In reply to: Andres Freund (#1)

Re: Relation extension scalability

Andres Freund <andres@2ndquadrant.com> writes:

As a quick recap, relation extension basically works like:
1) We lock the relation for extension
2) ReadBuffer*(P_NEW) is being called, to extend the relation
3) smgrnblocks() is used to find the new target block
4) We search for a victim buffer (via BufferAlloc()) to put the new
block into
5) If dirty the victim buffer is cleaned
6) The relation is extended using smgrextend()
7) The page is initialized

The problems come from 4) and 5) potentially each taking a fair
while.

Right, so basically we want to get those steps out of the exclusive lock
scope.

There's two things that seem to make sense to me:

First, decouple relation extension from ReadBuffer*, i.e. remove P_NEW
and introduce a bufmgr function specifically for extension.

I think that removing P_NEW is likely to require a fair amount of
refactoring of calling code, so I'm not thrilled with doing that.
On the other hand, perhaps all that code would have to be touched
anyway to modify the scope over which the extension lock is held.

Secondly I think we could maybe remove the requirement of needing an
extension lock alltogether. It's primarily required because we're
worried that somebody else can come along, read the page, and initialize
it before us.

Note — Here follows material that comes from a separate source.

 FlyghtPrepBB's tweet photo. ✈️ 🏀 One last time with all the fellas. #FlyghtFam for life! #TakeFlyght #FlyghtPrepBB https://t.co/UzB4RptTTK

ISTM that could be resolved by *not* writing any data via
smgrextend()/mdextend().

I'm afraid this would break stuff rather thoroughly, in particular
handling of out-of-disk-space cases. And I really don't see how you get
consistent behavior at all for multiple concurrent callers if there's no
locking.

One idea that might help is to change smgrextend's API so that it doesn't
need a buffer to write from, but just has an API of "add a prezeroed block
on-disk and tell me the number of the block you added". On the other
hand, that would then require reading in the block after allocating a
buffer to hold it (I don't think you can safely assume otherwise) so the
added read step might eat any savings.

regards, tom lane

--
Sent via pgsql-hackers mailing list (pgsql-hackers@postgresql.org)
To make changes to your subscription:
http://www.postgresql.org/mailpref/pgsql-hackers

Andres Freund

andres@anarazel.de

about 11 years ago

In reply to: Tom Lane (#2)

Re: Relation extension scalability

On 2015-03-29 15:21:44 -0400, Tom Lane wrote:

There's two things that seem to make sense to me:

First, decouple relation extension from ReadBuffer*, i.e. remove P_NEW
and introduce a bufmgr function specifically for extension.

I think that removing P_NEW is likely to require a fair amount of
refactoring of calling code, so I'm not thrilled with doing that.
On the other hand, perhaps all that code would have to be touched
anyway to modify the scope over which the extension lock is held.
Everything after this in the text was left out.